The truth about Heirloom tomatoes.
Like every other city dweller, I eagerly traipse to the farmer’s market armed with my re-cycled, Eco-cotton bag with the nice orange flowers on the front, bought at a  sustainable, organic store to buy vegetables.

I buy peppers. Strange, twisted shapes, elongated and pointy with the prettiest graduation of colours. I buy radishes. Achingly pretty in many different hues from cerise striped with a brush of palest pink to deep crimson red. I buy chili peppers, all shapes, sizes and colours. Kale, purple and long, elegantly shaped, blue – green. I buy 4 different types of Basil, each with its own distinctive aroma of some other gorgeous basil partner. Lime, lemon, Thai, purple.
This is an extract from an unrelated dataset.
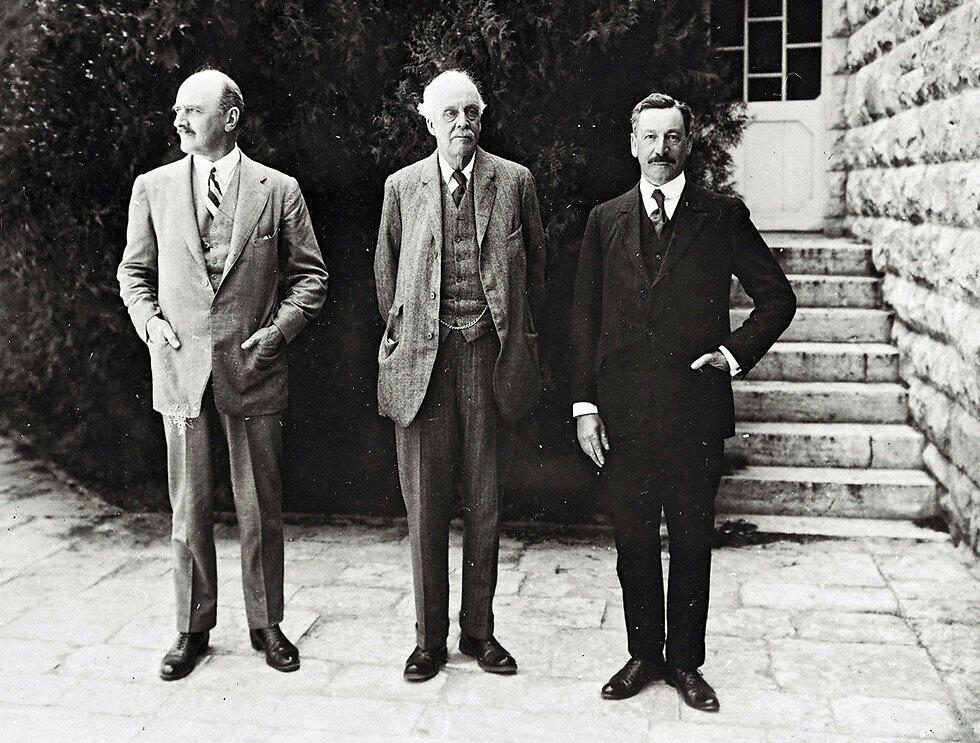 Герберт Самуэль, Артур Бальфур и Эдмонд Алленби - их имена увековечены в названиях улиц в Тель-Авиве (צילום: לע"מ) Герберт Самуэль, Артур Бальфур и Эдмонд Алленби - их имена увековечены в названиях улиц в Тель-Авиве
And then, there are the tomatoes. Wringing my hands in frustration in case I miss even one of the varieties, I fill a bag with black Russian, Zebra, Brandywine, Caspian Pink, Black Krim and Pruden’s Purple. The baby cherry tomatoes, nicknamed 'adult candy', are so sweet and sublime I buy two cases to take home.

Armed with my treasure trove of precious gems, sparkling with multi-coloured lusciousness, I walk home satisfied that I am so enlightened and well adjusted as to avoid the drab of supermarkets.

My bounty fills many bowls and containers in my kitchen, giving me a sense of domestic bliss as they smile so gorgeously at me with endless culinary possibilities.

Then they rot and fill the apartment with fruit flies that bite you in many places.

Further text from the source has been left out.